The data: Begin

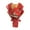 A-Red(6.3"), variant on Bouquet Flowers Valentines Fake Flowers Valentine Flower Valentines Day Flowers Artificial Rose Bouquet Fake Flower Bouquet Fake Rose Bouquet Valentines Bouquet
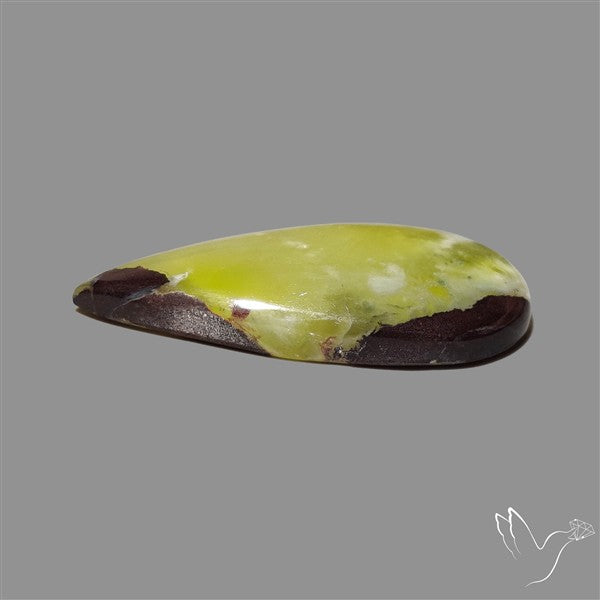 Bi-Colour Australian Prehnite Cabochon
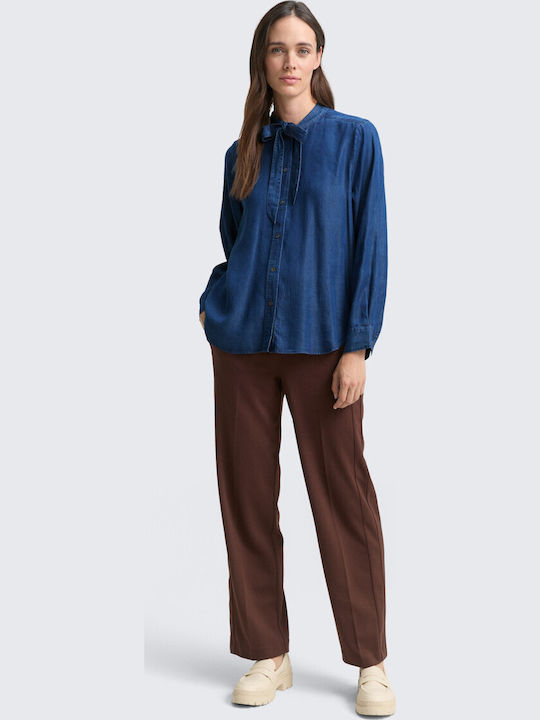 Women's Long Sleeve Shirt Blue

The data: End

What this task involves.
Copy the data verbatim, skipping any image it holds.

Response to the exercise.
 A-Red(6.3"), variant on Bouquet Flowers Valentines Fake Flowers Valentine Flower Valentines Day Flowers Artificial Rose Bouquet Fake Flower Bouquet Fake Rose Bouquet Valentines Bouquet
 Bi-Colour Australian Prehnite Cabochon
 Women's Long Sleeve Shirt Blue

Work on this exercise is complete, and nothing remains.